++++ Material provided ++++
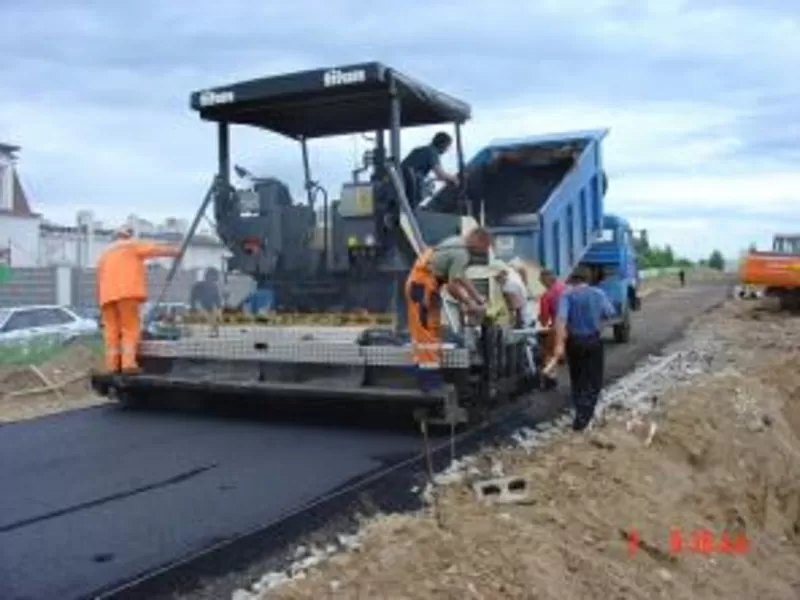 Асфальтирование и укладка тротуарной плитки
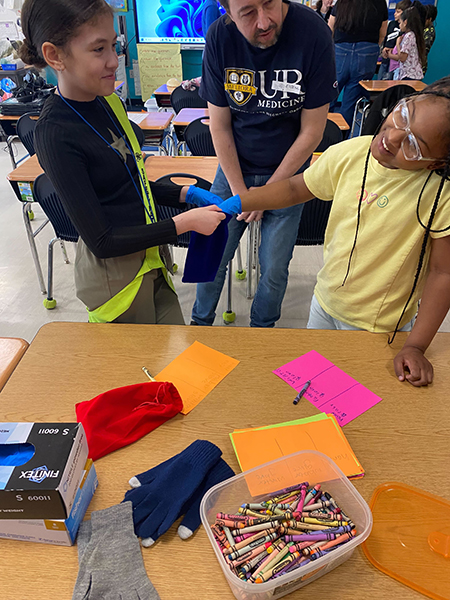 Participants of BAW engaged in an activity.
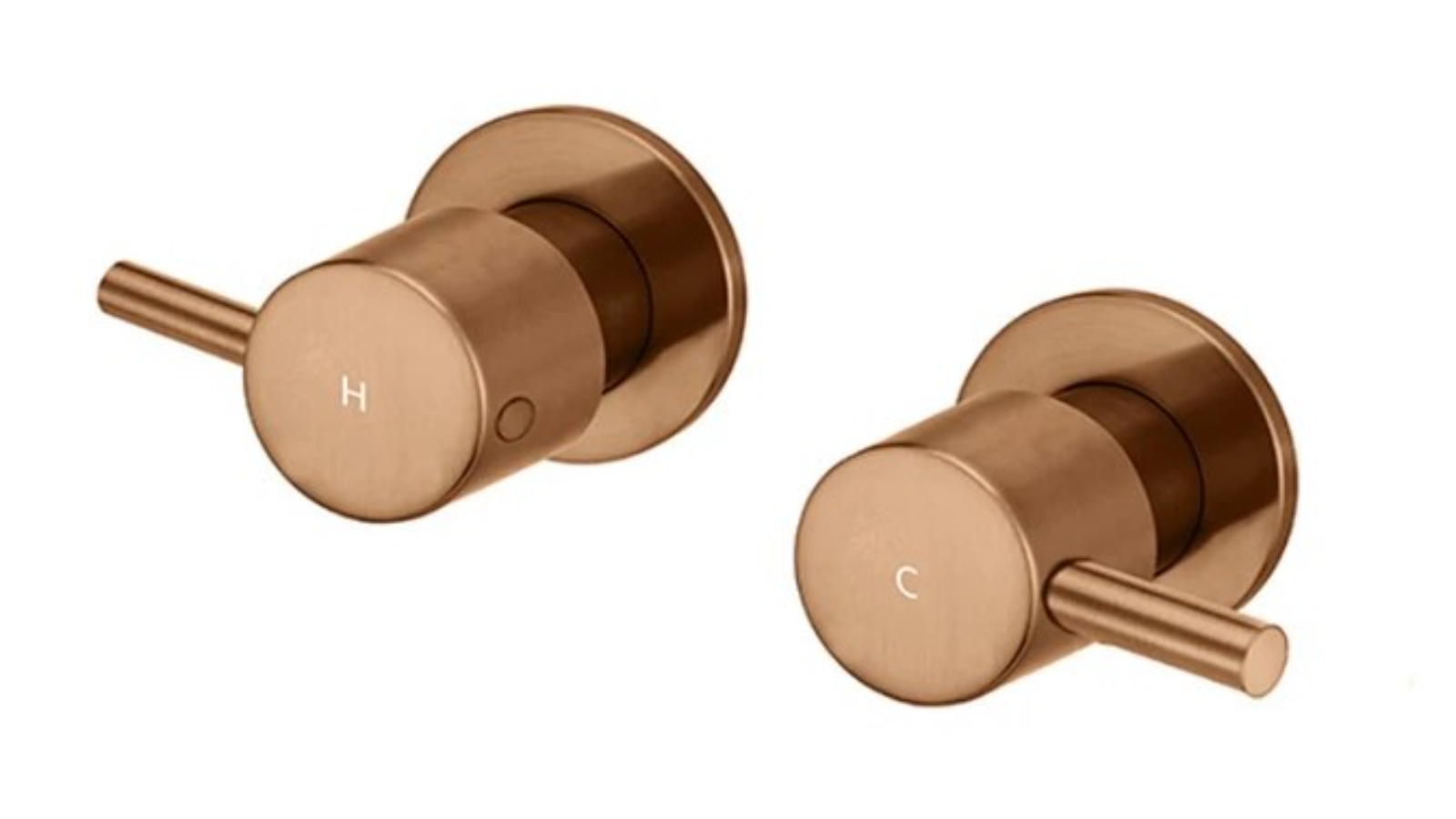 Meir Round Quarter-Turn Wall Top Assemblies - Lustre Bronze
++++
◆ Prompt
Only the lines from the one containing "Participants of BAW engaged in an activity." through the last line of the data belong in the copy, both included and reproduced exactly. Pictures do not.

◆ Solution to the exercise
 Participants of BAW engaged in an activity.
 Meir Round Quarter-Turn Wall Top Assemblies - Lustre Bronze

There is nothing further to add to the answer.